Travel and tourism plays a large role in the Texas economy. Unique traditions and expansive wide-open spaces have lent a genuine mystique to “all things Texas” over the years. Today, the Lone Star State offers countless opportunities for leisure and business travelers—whether intrastate, interstate, or from far-flung places around the globe. From sleepy picturesque towns and winding country roads to enormous high-tech theme parks and world-class museums, and from high school, college, and professional athletic contests to out-of-the way nature trails, fishing holes, and cultural enrichment activities, Texas really is “like a whole other country.”
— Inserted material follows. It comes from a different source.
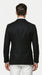 Men’s Black Double Breasted Blazer, Formal Wedding Business Casual Sport Coat Jacket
According to data maintained by the Governor’s Office, Texas received approximately 256 million domestic visitors in 2015, an increase of 5.2% from the previous year. About 76% of these visitors travelled for leisure purposes versus 24% for business.
We estimate that direct travel spending in Texas totals $72.0 billion per year (based on levels of activity in 2016), translating to over $197 million spent every day in the state. In addition, the travel and tourism industry directly supports 688,000 jobs. That equates to roughly 1 in 20 Texas nonagricultural jobs directly supported by travel spending.
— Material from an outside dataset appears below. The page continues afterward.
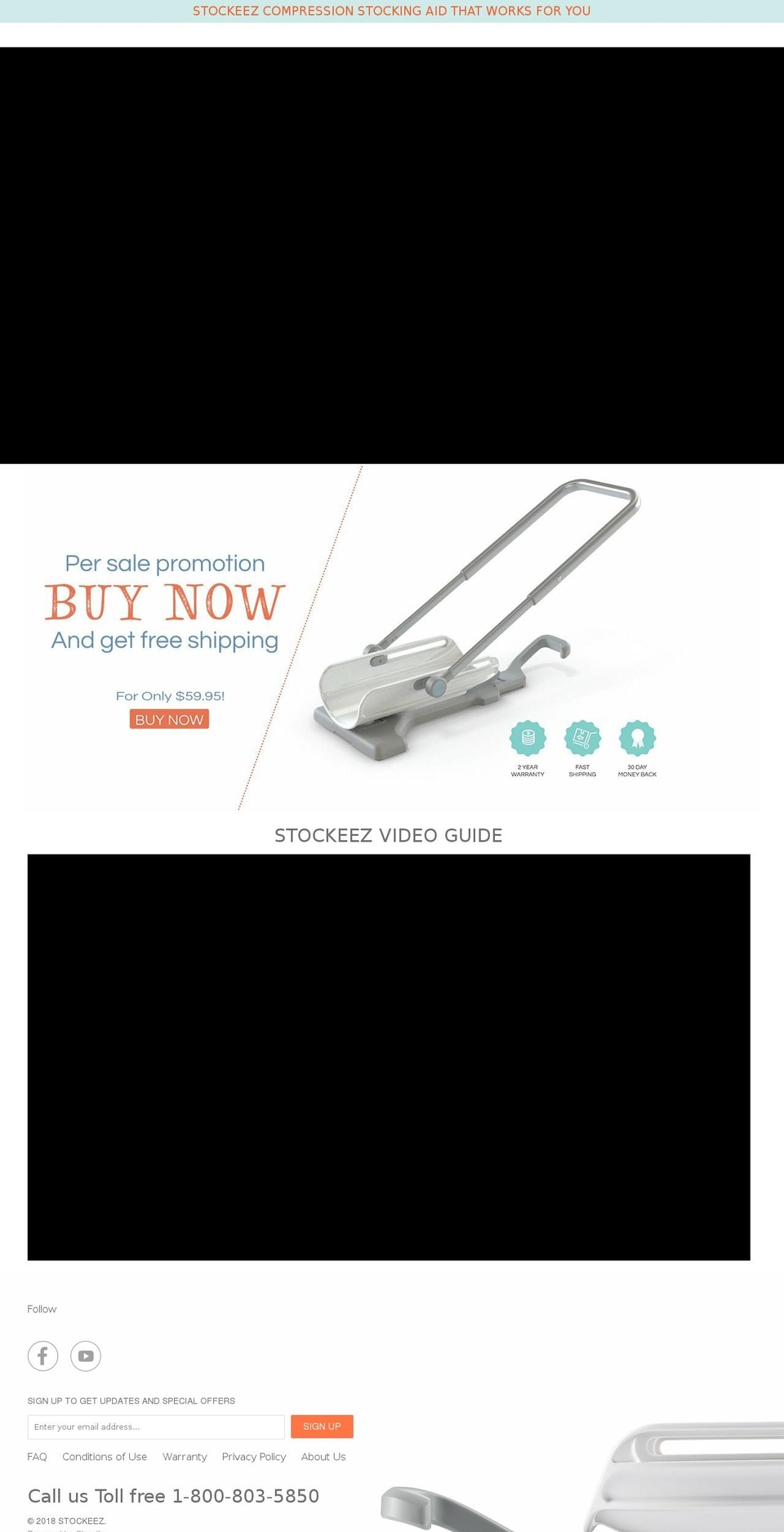 Stockeez (Parallax) Shopify theme site example the-stockeez.com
These direct activities comprise only a portion of the overall economic and fiscal benefits of the travel and tourism industry. Any time new money is inserted into an economy, it leads to multiple rounds of economic activity or “multiplier effects” which greatly enhance the overall effect. These gains accrue to every industry and every area in the state, and we quantified the total effects using the impact assessment system we developed.
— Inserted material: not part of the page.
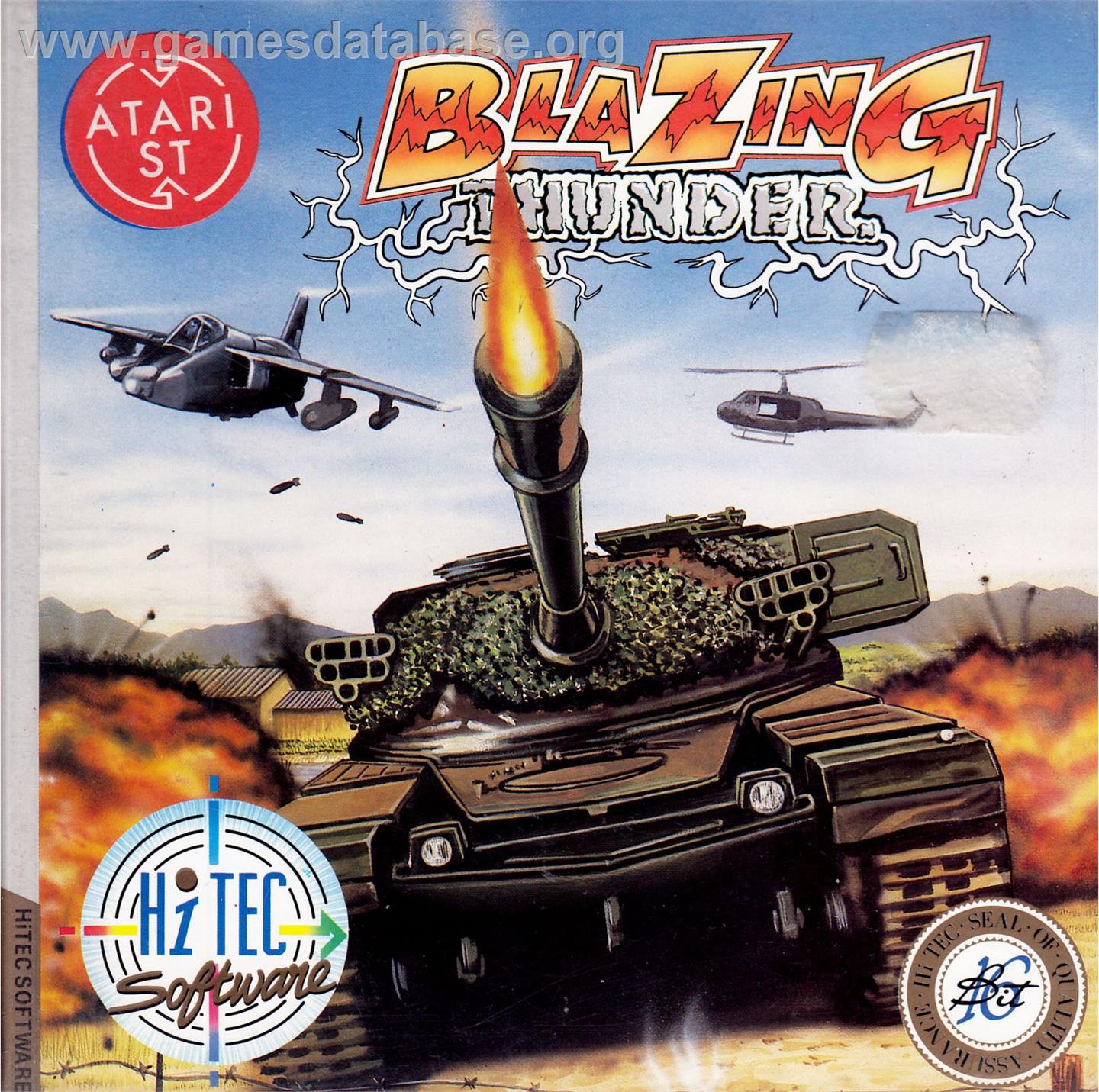 Blazing Thunder - Atari ST - Artwork - Box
We estimated that the increase in business activity generated by travel and tourism industry activity (including multiplier effects) includes more than $128.9 billion in gross product each year and 1.4 million permanent jobs in the state (based on 2016 levels of activity). All major industrial sectors and communities across the state experience gains in business activity stemming from travel and tourism activity. (These results are fully adjusted for out-of-state spending and other leakages from the Texas economy.)
Another measure of the impact of travel and tourism on the state is in the form of local and state taxes received. Visitors pay sales and excise taxes for the goods and services they receive, including local and state sales taxes, lodging taxes, alcoholic beverage taxes, motor vehicle rental taxes and motor fuel taxes. In addition to sales and related tax receipts from visitors, the travel and tourism industry is also an important source of property tax and franchise tax revenue. Travel and tourism industry participants pay these levies in relation to their facilities and operations.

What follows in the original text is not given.